1.   Wishful thinking 1 - Since the CPU doesn't sit on its desk and to the job by itself, the cost comparison is red herring.  If you are buying a $450 - 500 CPU, your system cost is gong to be in the $1800 - $2000 range.  If $2k, that's a 2.5% cost increase

2.   Wishful thinking 2 -Since we doing the direct comparison with the 10900k, it would be nice to see a comparison of overclocked perfomance side by side, especially when the conclusions state "Reaches highest multipliers only rarely" and "Overclocking barely worth it".  The "For general applications, the improvement is 6.6% " ... that is significant for a 2.5% oncrease in system proce.

3.  One would think that the way you carefully articulated the performance of the AMD / Intel CPUS each being the better choice for the applications they excel in, would erase the mindset that produces posts like "I just don''t see a reason to buy Intel.. ".  As you careful have pointed out in this and other reviews.

a)  The Intel 10400 puts up better gaming numbers than any CPU in AMDs entire lineup.

b)  In Application performance, the 10850k beats the AMD Ryzen 9 3900X and 3900XT by 1.2% and 0.2% respectively.

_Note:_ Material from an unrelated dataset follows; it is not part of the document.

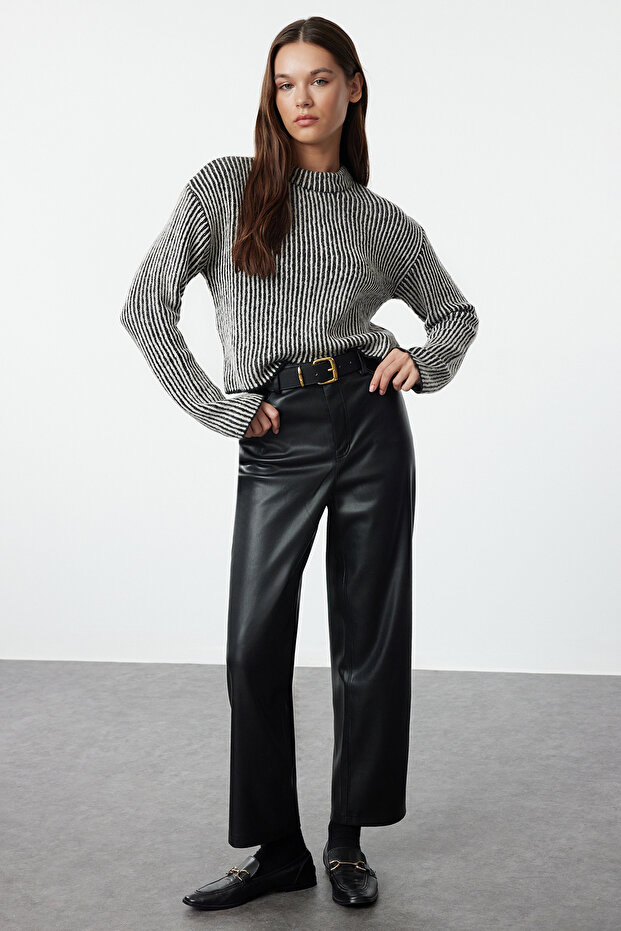 Ecru Crop Soft Texture Sweter z dzianiny z okrągłym dekoltem TWOAW25KZ00000 - 2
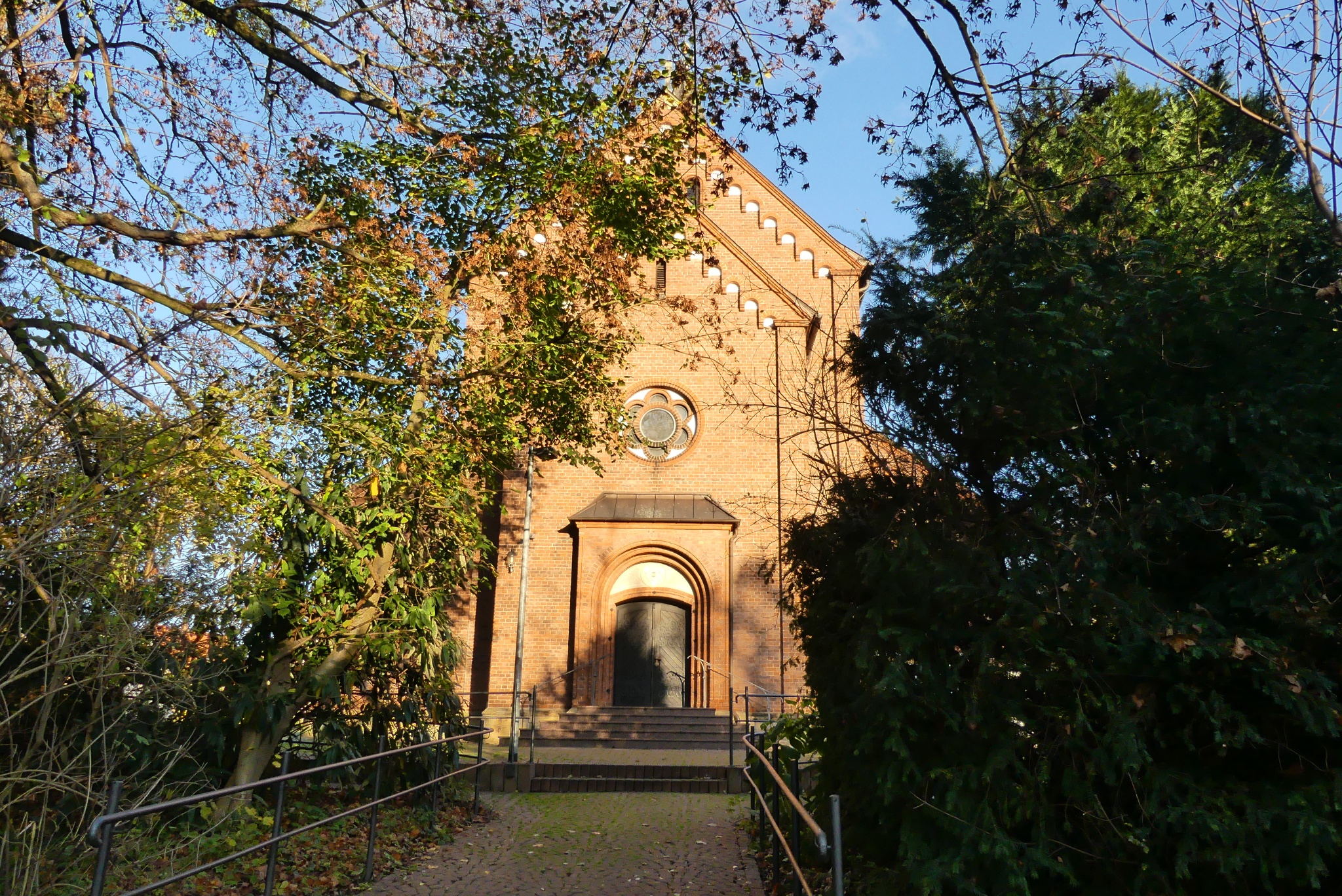 Kath. Pfarrkirche St. Josef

c)  In the most common "time is money" applications, the 10850k is 16% faster in photo editing than the 3900XT and 6% faster than video editing

d)  "Professionals working with rendering and simulation apps, or other similarly demanding apps, should definitely consider AMD for their rig"  Agreed ... In the architectutal / engineering / industry .... I recommend Intel CPUs / Nvidia RTX cards for 2D / CAD, Office Apps  and Gaming (Given the nerd personna of most A/Es, LAN parties are not unusual after hours in small to mid size firms.  For home iusers, I can point out many things that the AMD CPUs do better ... rendering, game design, software development, etc .... and would recommend AMD for thoise applications, but 98.5% of home users don't have those apps.  But occasionally, the client will want to see rendering made form those drawings and for this the best tool is an AMD CPU.  In an A/E office, the need for drafting boxes to renedering boxes might be between 10 and 20 to 1.  The reason to buy the 1 is the same as the reason to buy the other 9 ... it's the best tool for the primary application(s).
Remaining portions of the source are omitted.